In our study, MRSA native septic arthritis was also associated with a slightly longer length of stay during index admission, with no significant differences detected between comorbidities (via CCI), antibiotic duration, or antibiotic extension between the 2 groups. This trend may reflect a delay in diagnosis or delay in starting the appropriate antibiotic in the MRSA group, which has been found to be more common in MRSA septic arthritis when compared with MSSA septic arthritis [25]. This further reinforces the need for prompt initiation empiric MRSA therapy in appropriate candidates and presents another target for future research.

There are several limitations to our study. First, it is a retrospective cohort analysis; therefore, we were not able to reliably assess risk. Data collection was at times limited by the availability of the medical record, and certain demographic criteria were missing for several of our patients in this study. Furthermore, the study sample and local population are primarily Caucasian with high local rates of injection drug use. Therefore, the results may not be generalizable to racially or ethnically diverse populations in the United States. Regarding MRSA nasal screening, positive and negative predictive values depend on local prevalence of MRSA [11]. Our results will not be generalizable to populations with different MRSA prevalence rates. Additionally, our institution used chromogenic culture instead of polymerase chain reaction for MRSA nasal screening during the time period of the study. Generally, culture is subject to more variability depending on time, initiation of antibiotics, and contamination of the sample [11]. Finally, we did not have standardized time periods for pre-admission screening, nor did we account for the presence of antibiotic initiation during admission screening, which may affect the reliability of the screening results.

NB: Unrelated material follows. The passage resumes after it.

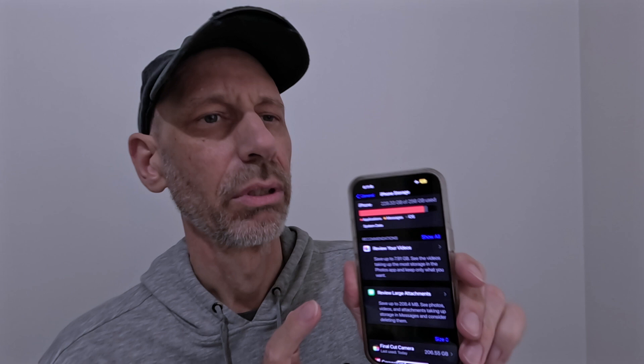I tried to shoot a video today and couldn't — it said my camera was full. The Final Cut Camera app itself isn't going to tell you what's going on. What you have to do is go into General, then into iPhone Storage. Once you're in iPhone Storage, it'll show you at the top how much storage you've used. I've used 228 gigs out of 256, so I'm getting near the end.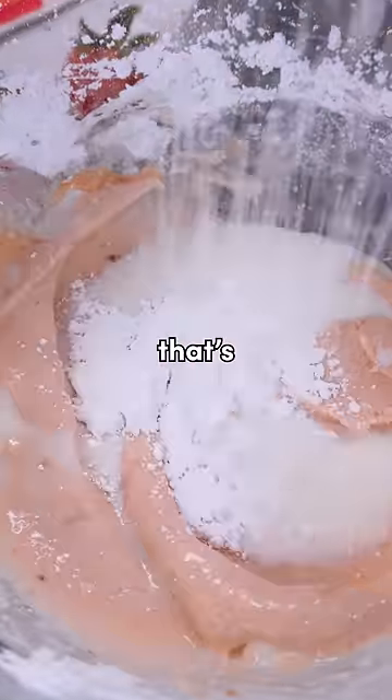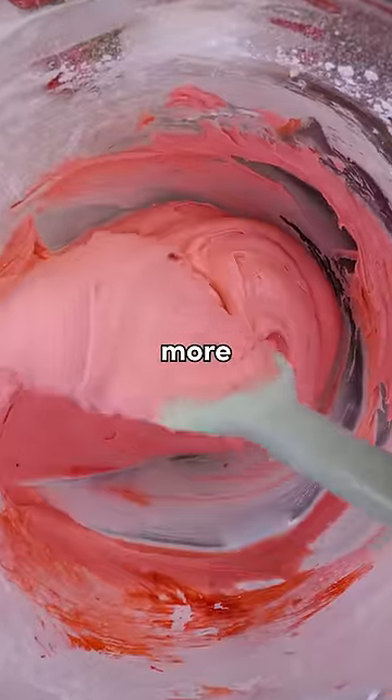While working on the buttercream, my mind decides to use the rest of the milk, not realizing that that's way more than a tablespoon. I tried my best to correct this by adding more powdered sugar.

Our study sought to characterize native septic arthritis at our institution in Western Pennsylvania, an area deeply affected by the opioid epidemic. Our findings regarding S. aureus native septic arthritis will have the most relevance in clinical practice, as S. aureus is the most common organism causing these infections. We believe that the ongoing opioid epidemic may be contributing to a demographic shift in native septic arthritis to younger, healthier individuals. We found that S. aureus native septic arthritis has unique risk factors compared with native septic arthritis with other organisms, including IDU and spinal osteomyelitis, supporting this overall conclusion. With these risk factors in mind, we hope that these data can help guide clinical suspicion for native septic arthritis in patients with these risk factors, direct further research in selection of empiric therapy, and help guide harm reduction policy. Further investigation with larger samples will be needed to better characterize these risk factors and identify other risk factors in more diverse populations. Regarding treatment, the antibiotics used for S. aureus native septic arthritis may be more likely to result in adverse events or necessitate an alteration in treatment for social reasons. In identifying these challenges, there is an opportunity to investigate the optimization of treatment regimens to limit morbidity and establish follow-up that meets social needs. Finally, we believe that MRSA nasal screening may be a useful adjunct in ruling in MRSA native septic arthritis. Further research will be needed to determine how this screen can be combined with clinical risk factors to be more clinically useful as a predictive tool and to guide empiric treatment decisions.